Task objective:
Nothing but the lines from the one containing "Jardinière féminine portant" through the end of the data should be retyped, exactly as they stand, and pictures should not be retyped.

Records shown:
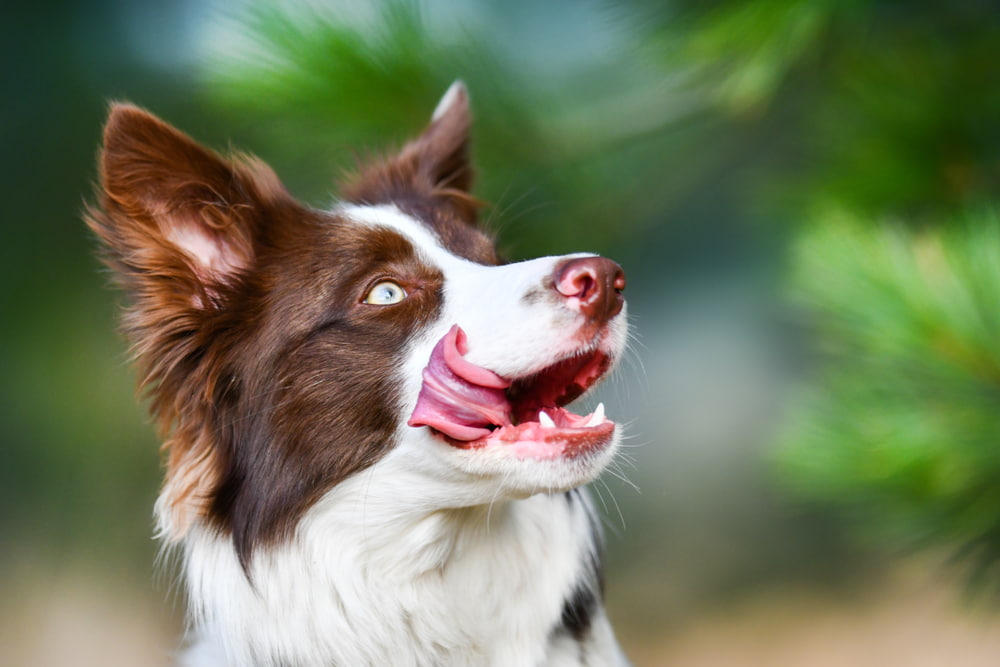 Dog with tongue out looking at owner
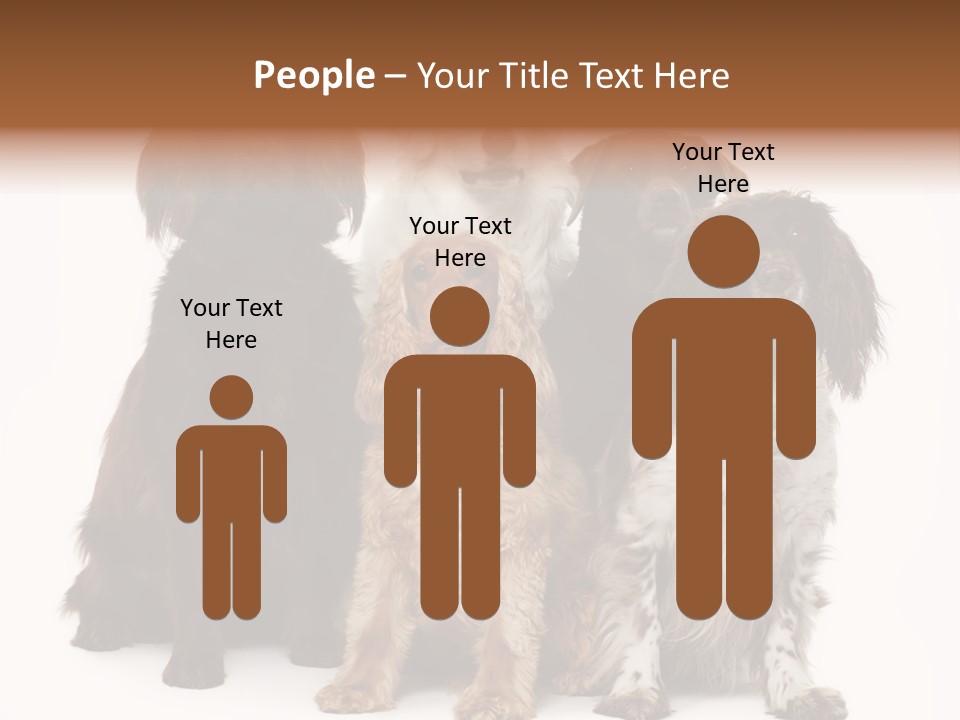 Pedigree Attentive Pedigreed PowerPoint Template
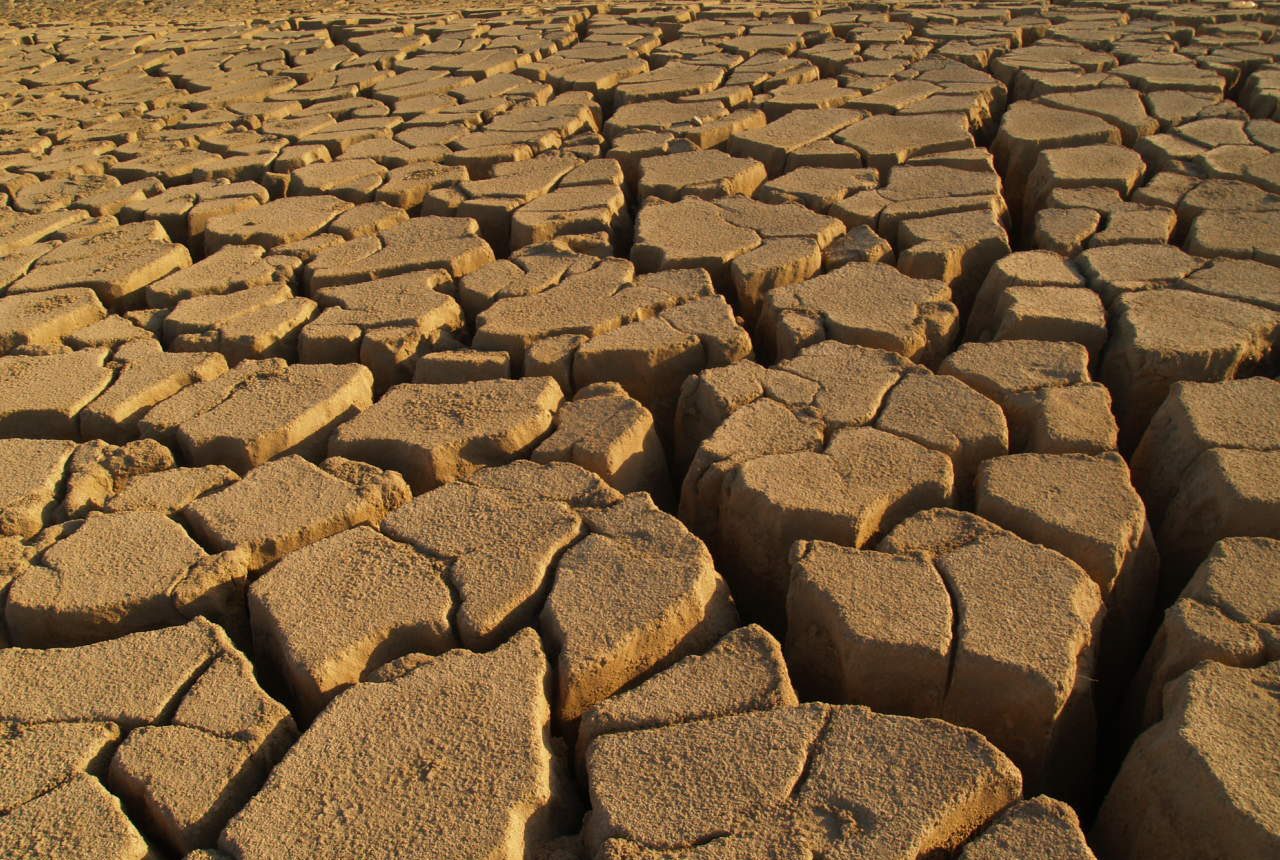 نقص المياه خطر يهدد العالم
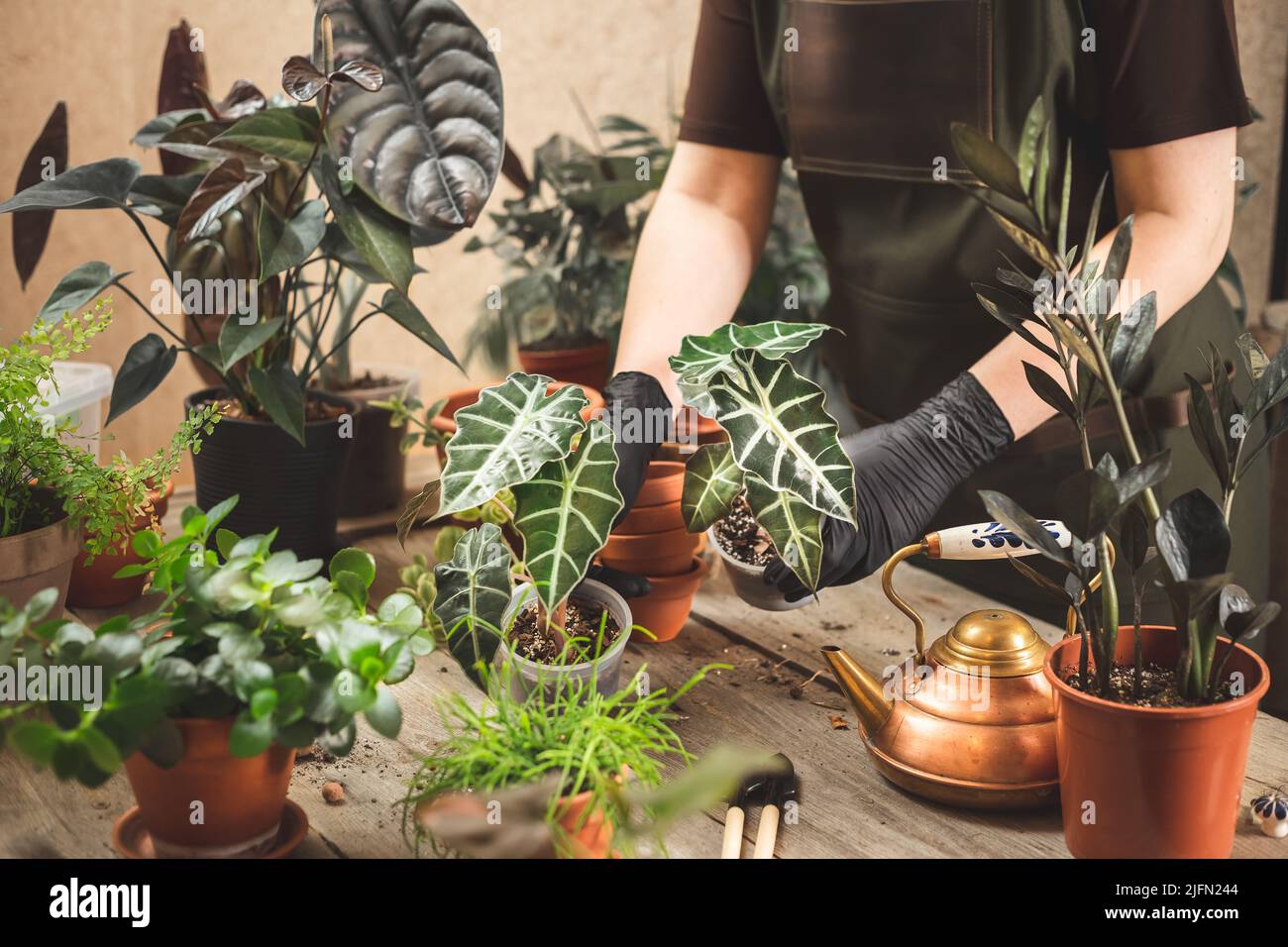 Jardinière féminine portant des gants de protection en caoutchouc noir et un tablier prenant soin du jardin à la maison ou de la boutique d'usine Banque D'Images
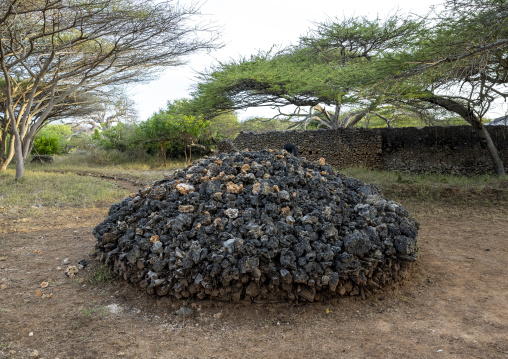 Takwa ruins wall in the middle of acacias, Lamu, Manda island, Kenya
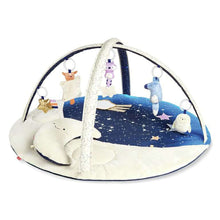 Load image into Gallery viewer, Sweet Dreams Activity Gym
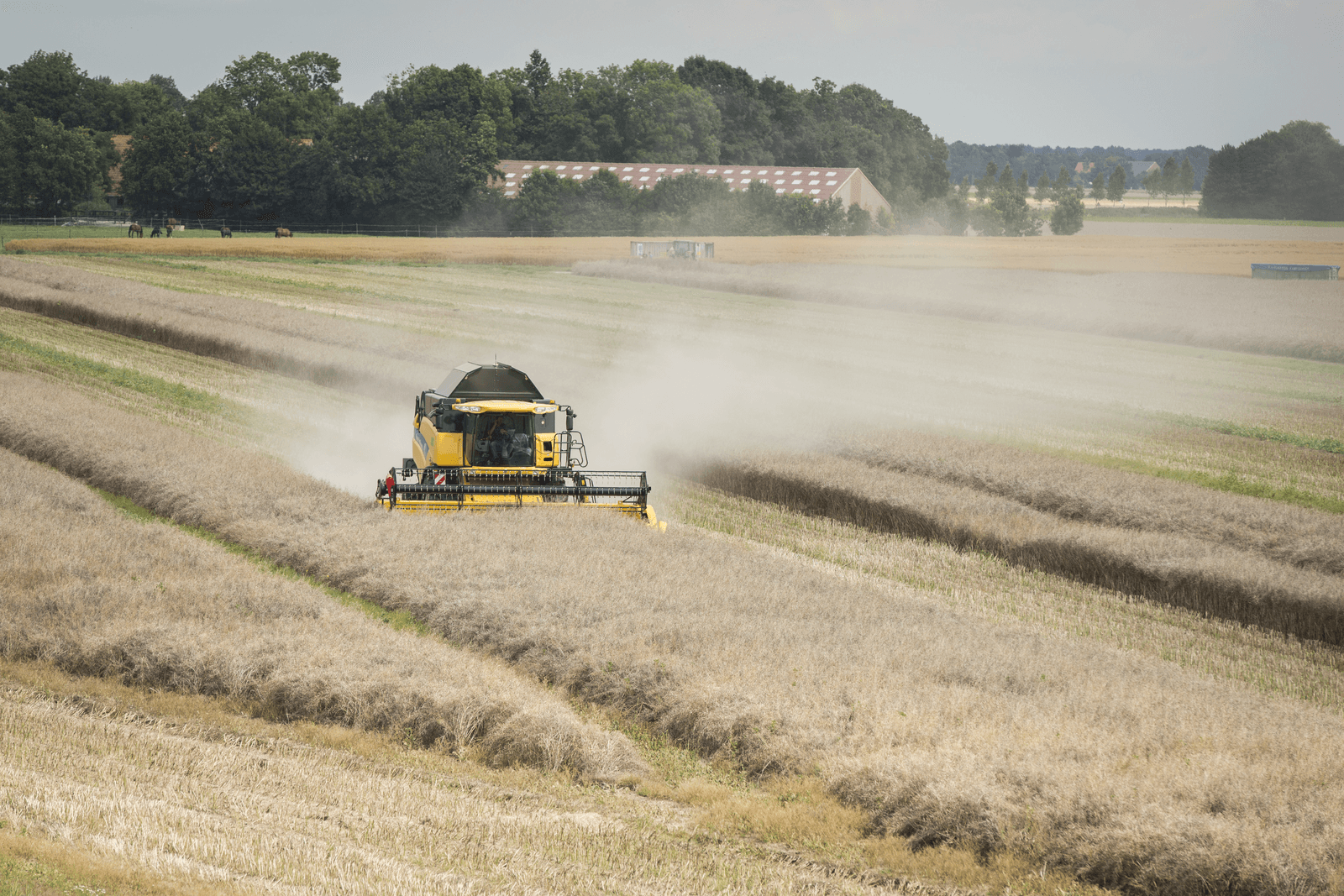 Foto: Koos Groenewold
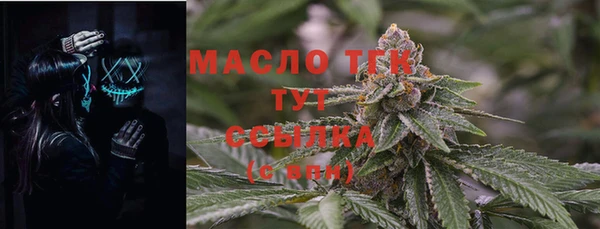 тгк Гусев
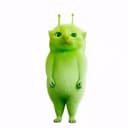 绿猫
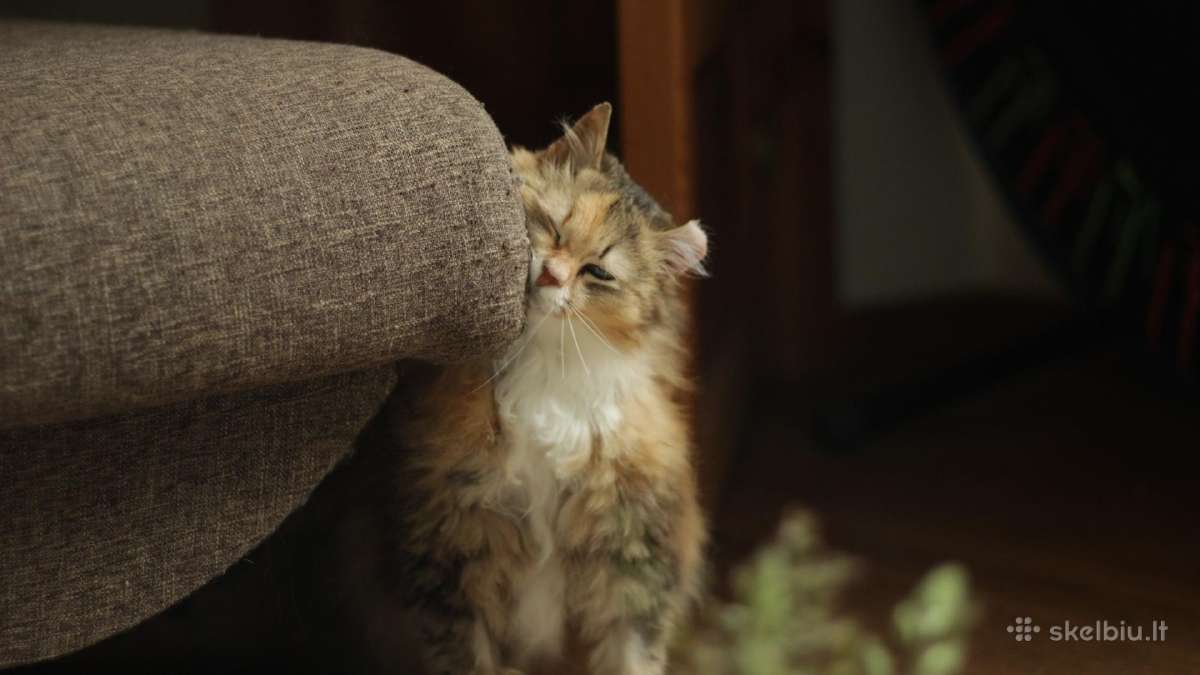 Princesė, 5m. - nuotraukos Nr. 5
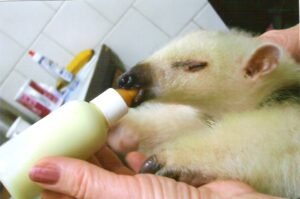 Estado vai voltar a acolher animais silvestres no Zoo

Solution to this problem:
 Jardinière féminine portant des gants de protection en caoutchouc noir et un tablier prenant soin du jardin à la maison ou de la boutique d'usine Banque D'Images
 Takwa ruins wall in the middle of acacias, Lamu, Manda island, Kenya
 Load image into Gallery viewer, Sweet Dreams Activity Gym
 Foto: Koos Groenewold
 тгк Гусев
 绿猫
 Princesė, 5m. - nuotraukos Nr. 5
 Estado vai voltar a acolher animais silvestres no Zoo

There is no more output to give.